(How to complete this task):
Output range, inclusive: from the line containing "thumbnail image 3" to the line containing "Soda Pop Cat Enamel Pin". Restate those lines from the data below word for word and only those.

Data excerpts
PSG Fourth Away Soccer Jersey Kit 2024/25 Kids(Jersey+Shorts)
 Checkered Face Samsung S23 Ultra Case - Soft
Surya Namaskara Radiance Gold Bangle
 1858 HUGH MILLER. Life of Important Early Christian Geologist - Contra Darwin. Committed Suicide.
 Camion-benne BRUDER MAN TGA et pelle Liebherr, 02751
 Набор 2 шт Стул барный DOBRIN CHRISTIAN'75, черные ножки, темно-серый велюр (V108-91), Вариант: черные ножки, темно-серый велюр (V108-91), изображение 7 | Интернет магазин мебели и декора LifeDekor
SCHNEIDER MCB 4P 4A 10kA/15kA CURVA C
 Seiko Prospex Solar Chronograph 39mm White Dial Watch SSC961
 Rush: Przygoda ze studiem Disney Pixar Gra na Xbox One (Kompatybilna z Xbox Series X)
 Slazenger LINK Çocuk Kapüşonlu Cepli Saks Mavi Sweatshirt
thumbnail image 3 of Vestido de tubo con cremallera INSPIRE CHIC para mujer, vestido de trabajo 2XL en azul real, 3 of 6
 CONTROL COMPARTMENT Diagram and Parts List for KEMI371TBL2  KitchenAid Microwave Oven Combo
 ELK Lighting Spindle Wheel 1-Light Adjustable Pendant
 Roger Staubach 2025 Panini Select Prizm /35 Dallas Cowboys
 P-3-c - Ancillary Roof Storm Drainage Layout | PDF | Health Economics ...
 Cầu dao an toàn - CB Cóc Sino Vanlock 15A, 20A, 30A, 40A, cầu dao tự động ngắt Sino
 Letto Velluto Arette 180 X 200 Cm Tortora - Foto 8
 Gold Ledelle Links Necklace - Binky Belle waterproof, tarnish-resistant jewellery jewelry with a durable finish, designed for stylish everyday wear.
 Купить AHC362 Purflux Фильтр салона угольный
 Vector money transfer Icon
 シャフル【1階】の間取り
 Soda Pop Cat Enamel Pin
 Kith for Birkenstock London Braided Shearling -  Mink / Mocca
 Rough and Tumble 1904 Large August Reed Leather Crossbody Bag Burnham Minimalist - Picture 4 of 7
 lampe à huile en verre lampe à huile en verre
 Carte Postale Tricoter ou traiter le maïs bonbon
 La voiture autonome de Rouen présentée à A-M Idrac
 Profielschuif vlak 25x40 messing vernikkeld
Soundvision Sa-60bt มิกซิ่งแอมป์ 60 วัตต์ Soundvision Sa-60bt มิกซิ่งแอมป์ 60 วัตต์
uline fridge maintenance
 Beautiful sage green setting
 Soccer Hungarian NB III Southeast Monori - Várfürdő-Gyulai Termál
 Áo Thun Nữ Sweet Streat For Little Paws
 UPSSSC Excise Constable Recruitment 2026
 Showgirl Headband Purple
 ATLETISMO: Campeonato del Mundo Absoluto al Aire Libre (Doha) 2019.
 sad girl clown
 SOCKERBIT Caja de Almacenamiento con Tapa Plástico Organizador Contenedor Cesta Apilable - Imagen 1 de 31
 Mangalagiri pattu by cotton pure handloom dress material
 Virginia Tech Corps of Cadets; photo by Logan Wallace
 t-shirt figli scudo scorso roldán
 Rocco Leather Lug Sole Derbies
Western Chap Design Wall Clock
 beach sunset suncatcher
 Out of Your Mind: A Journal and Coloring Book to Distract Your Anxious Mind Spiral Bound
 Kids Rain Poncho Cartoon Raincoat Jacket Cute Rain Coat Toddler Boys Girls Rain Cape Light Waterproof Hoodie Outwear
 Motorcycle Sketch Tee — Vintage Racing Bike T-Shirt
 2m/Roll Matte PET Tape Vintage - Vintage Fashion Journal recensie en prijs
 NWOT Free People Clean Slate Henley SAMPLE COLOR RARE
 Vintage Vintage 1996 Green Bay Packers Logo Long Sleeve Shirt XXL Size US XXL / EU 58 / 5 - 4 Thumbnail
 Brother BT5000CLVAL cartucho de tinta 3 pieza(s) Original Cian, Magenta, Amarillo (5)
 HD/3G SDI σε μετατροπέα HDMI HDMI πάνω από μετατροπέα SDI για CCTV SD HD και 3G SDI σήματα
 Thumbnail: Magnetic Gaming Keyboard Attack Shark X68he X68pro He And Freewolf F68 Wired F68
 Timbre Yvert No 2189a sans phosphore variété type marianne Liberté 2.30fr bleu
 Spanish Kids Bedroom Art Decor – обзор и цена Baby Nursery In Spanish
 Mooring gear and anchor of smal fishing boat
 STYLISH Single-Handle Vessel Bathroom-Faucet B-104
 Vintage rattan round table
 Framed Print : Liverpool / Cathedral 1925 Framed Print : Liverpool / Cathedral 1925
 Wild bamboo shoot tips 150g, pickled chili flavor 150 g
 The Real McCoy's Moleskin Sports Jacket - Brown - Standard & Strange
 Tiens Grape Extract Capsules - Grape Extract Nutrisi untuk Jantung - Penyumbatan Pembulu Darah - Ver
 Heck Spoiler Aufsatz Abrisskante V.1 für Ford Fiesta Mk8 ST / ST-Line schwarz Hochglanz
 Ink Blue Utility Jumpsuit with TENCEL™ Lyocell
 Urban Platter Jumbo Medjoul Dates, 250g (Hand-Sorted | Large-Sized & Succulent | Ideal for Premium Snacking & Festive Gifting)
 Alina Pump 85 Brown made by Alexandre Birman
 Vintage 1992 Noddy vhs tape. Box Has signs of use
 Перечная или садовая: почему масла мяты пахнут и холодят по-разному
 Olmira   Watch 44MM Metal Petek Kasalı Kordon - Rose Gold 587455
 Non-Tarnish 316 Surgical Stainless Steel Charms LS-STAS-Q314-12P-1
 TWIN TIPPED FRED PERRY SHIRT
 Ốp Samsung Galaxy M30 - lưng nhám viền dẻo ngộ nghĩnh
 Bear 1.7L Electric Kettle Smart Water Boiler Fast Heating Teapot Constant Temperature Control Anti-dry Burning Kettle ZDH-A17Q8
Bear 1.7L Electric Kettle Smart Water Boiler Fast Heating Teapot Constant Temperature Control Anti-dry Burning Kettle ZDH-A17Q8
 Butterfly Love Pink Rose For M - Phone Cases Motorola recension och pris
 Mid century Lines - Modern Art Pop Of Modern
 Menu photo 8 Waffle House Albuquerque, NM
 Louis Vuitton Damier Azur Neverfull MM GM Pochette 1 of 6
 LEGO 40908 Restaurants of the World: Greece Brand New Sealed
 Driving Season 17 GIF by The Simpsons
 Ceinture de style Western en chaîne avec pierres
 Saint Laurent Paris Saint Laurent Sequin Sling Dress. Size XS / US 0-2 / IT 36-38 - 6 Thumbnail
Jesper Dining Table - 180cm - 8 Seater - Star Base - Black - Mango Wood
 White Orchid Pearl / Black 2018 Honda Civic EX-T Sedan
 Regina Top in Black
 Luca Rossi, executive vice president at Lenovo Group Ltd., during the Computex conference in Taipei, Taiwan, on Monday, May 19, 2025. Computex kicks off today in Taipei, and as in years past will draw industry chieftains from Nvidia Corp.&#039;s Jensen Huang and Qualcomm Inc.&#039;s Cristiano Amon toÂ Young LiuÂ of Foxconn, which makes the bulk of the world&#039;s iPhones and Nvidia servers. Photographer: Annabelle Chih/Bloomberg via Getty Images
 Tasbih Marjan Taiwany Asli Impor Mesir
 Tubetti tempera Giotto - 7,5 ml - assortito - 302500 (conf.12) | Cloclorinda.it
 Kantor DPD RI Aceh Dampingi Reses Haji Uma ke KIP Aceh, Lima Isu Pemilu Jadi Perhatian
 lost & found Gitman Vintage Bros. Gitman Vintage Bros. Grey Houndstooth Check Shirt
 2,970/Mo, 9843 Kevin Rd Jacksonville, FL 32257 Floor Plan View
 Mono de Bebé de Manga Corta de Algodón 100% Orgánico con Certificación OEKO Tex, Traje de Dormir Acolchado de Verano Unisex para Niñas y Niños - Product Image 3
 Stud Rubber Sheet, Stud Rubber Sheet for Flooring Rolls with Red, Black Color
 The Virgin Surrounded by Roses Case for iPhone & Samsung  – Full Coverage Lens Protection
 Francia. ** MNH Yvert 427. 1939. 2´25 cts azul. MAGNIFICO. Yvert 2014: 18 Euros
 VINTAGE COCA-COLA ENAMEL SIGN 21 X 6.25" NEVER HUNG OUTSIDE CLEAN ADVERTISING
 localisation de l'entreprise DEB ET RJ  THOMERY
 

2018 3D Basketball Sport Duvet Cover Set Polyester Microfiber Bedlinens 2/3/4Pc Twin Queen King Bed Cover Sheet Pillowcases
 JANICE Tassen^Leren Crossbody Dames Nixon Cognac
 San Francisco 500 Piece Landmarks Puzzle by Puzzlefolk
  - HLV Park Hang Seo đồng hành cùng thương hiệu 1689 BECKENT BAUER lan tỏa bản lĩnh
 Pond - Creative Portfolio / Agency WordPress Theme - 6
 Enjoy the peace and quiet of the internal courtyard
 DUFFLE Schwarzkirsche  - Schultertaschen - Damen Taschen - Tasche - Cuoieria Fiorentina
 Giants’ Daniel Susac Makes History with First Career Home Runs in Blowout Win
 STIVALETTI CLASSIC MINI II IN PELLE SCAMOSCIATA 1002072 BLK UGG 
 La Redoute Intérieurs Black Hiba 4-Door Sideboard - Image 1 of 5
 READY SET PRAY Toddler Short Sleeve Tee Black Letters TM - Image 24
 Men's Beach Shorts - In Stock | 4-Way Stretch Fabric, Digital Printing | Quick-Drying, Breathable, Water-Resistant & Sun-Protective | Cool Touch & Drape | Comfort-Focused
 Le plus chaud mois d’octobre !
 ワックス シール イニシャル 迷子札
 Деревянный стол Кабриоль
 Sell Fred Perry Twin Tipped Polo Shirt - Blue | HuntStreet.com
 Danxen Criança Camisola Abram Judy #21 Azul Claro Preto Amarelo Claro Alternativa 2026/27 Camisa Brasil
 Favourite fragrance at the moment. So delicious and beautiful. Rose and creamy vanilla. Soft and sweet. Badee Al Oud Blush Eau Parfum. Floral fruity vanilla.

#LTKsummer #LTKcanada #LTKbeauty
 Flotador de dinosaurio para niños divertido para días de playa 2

(Final answer):
thumbnail image 3 of Vestido de tubo con cremallera INSPIRE CHIC para mujer, vestido de trabajo 2XL en azul real, 3 of 6
 CONTROL COMPARTMENT Diagram and Parts List for KEMI371TBL2  KitchenAid Microwave Oven Combo
 ELK Lighting Spindle Wheel 1-Light Adjustable Pendant
 Roger Staubach 2025 Panini Select Prizm /35 Dallas Cowboys
 P-3-c - Ancillary Roof Storm Drainage Layout | PDF | Health Economics ...
 Cầu dao an toàn - CB Cóc Sino Vanlock 15A, 20A, 30A, 40A, cầu dao tự động ngắt Sino
 Letto Velluto Arette 180 X 200 Cm Tortora - Foto 8
 Gold Ledelle Links Necklace - Binky Belle waterproof, tarnish-resistant jewellery jewelry with a durable finish, designed for stylish everyday wear.
 Купить AHC362 Purflux Фильтр салона угольный
 Vector money transfer Icon
 シャフル【1階】の間取り
 Soda Pop Cat Enamel Pin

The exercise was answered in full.